Data for analysis>
========================================
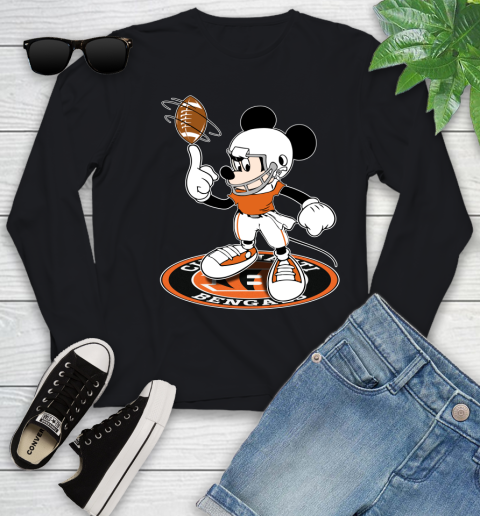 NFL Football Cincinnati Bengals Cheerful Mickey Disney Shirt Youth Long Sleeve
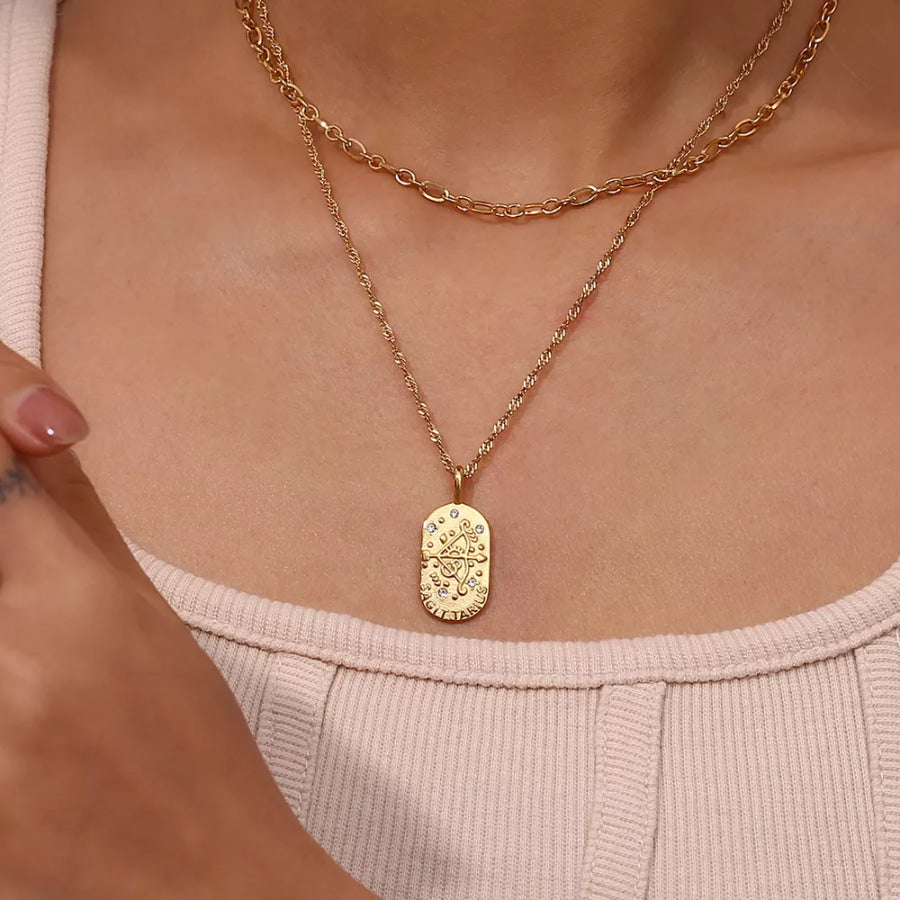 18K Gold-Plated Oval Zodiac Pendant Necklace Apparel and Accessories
========================================
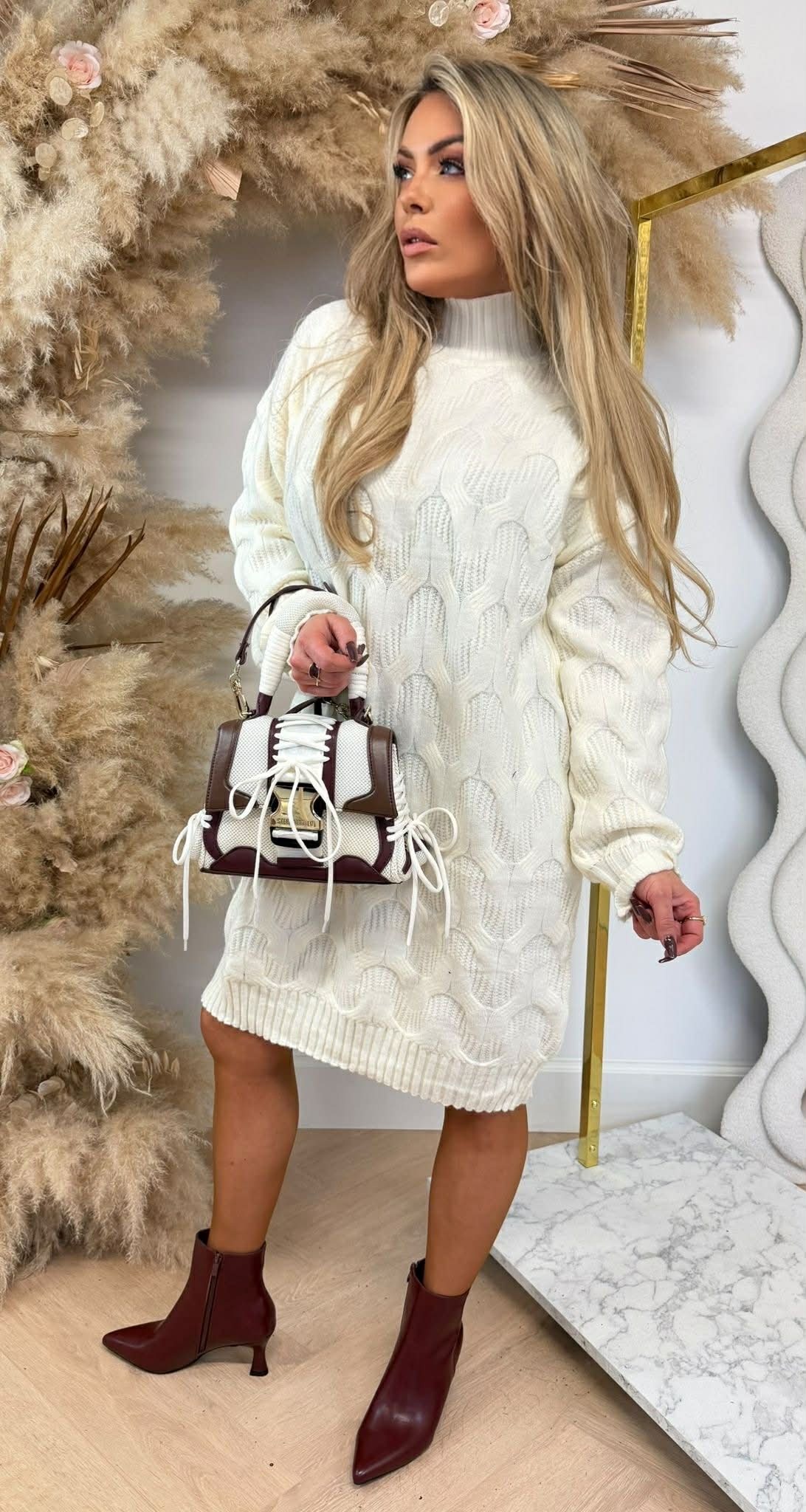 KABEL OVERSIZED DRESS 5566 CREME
========================================
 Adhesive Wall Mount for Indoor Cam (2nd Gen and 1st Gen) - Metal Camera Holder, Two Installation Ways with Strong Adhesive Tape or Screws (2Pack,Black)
========================================
Task requirements> Copy exactly the lines of the entries above from the one containing "NFL Football Cincinnati" through the one containing "18K Gold-Plated Oval". Both end lines count; pictures do not.

Task answer>
 NFL Football Cincinnati Bengals Cheerful Mickey Disney Shirt Youth Long Sleeve
 18K Gold-Plated Oval Zodiac Pendant Necklace Apparel and Accessories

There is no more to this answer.